I've inherited a site with a very big hierarchical taxonomy:

Vocabulary name: categories
--term: company name
---- many child terms
-- term: country
---- many child terms
-- term: issue
---- many child terms

I realized it would be easier to create Search facets and Views with appropriate content if I set up each of these parent terms

company
country
issue

as their own Vocabularies.

I created the new Vocabularies and used Taxonomy Manager to shift all the sub-terms to their new vocabularies.

I then updated the Article node content type to be associated with the vocabularies

company
country
issue

Unfortunately I also noticed the sub-term relationship between the Article nodes (all 4,000 of them) and the Terms was now lost in the display.

I've been searching for a way to update the vocabulary references for the Article nodes, but I'm still not sure - even after looking at the taxonomy module in Drupal 7 - how the vocabulary is associated with the node. I see new field_data_field_machine-name tables are created for each new Vocabulary - and that this is where the termID and node/entity ID as assocaited.. but where does the node/vocabulary relationship get established? And how can I updated the Vocabulary for a node automatically when I move a term from one vocabulary to another?

I also haven't found this exact questions in the many forums I've been looking in. I wasn't sure if this question was related? http://groups.drupal.org/node/214928. I've recently move this site from Drupal 6 to 7 so it doesn't help that there are a lot of dead tables from D6 cluttering up the database.

So I just would like to know if it's possible to simply do what I want to do?

thank you.

Comments

dawnbuie’s picture

Could anyone tell me at least if this is expected behaviour?

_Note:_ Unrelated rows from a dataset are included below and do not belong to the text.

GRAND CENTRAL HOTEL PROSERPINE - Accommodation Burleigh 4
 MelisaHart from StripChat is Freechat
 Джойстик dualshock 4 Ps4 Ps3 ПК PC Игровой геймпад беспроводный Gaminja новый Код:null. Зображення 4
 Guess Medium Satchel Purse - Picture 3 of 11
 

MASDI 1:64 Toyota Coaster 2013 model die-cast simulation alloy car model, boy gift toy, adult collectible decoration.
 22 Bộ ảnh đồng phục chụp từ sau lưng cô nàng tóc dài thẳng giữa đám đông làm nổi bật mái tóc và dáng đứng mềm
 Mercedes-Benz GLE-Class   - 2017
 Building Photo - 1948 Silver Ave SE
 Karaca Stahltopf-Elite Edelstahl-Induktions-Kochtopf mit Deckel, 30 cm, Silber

Does no one else need to slip up one big heirarchical vocabulary into a few smaller ones without losing all node references? I find it strange no one else has written about this. I see it has been an issue with Term Merge http://drupal.org/node/1253616

thank you.

garphy’s picture

I think it as to do with the fact that node -> term relationship is a field in D7.
That field explicitely states which vocabulary the referenced terms belongs to.
If terms are moved from a vocabulary to another, there should be :
1. another field on the content type to actually store the new reference
2. some code to actually reflect that change from the ancient field to the new one.

mh86’s picture

Well, it's difficult to find out, in which fields the term might be used, and don't think there is a general valid way to deal with it.
The data itself is definitely not lost, there are no changes to the node (or any other entity) - term relationship. Furthermore a taxonomy term reference field can have multiple vocabularies (although there is no interface for it).

mh86’s picture

there is a duplicated issue: #1598226: switching vocabs on terms should move terms to different fields
the author there says he has some basic code, so you can ask him as well

ronan.orb’s picture

I'm not sure if that is topic is the correct one, but I had a lot of trouble by moving terms around. I hav'nt checked the code base of Taxonomy Manager, but because each field keeps the tid in the field data tables. but the vocabulary in the field settings I ended in a mess of field which had loosed the terms, because the vocabulary has changed. I had like 10 taxonomy reference fields.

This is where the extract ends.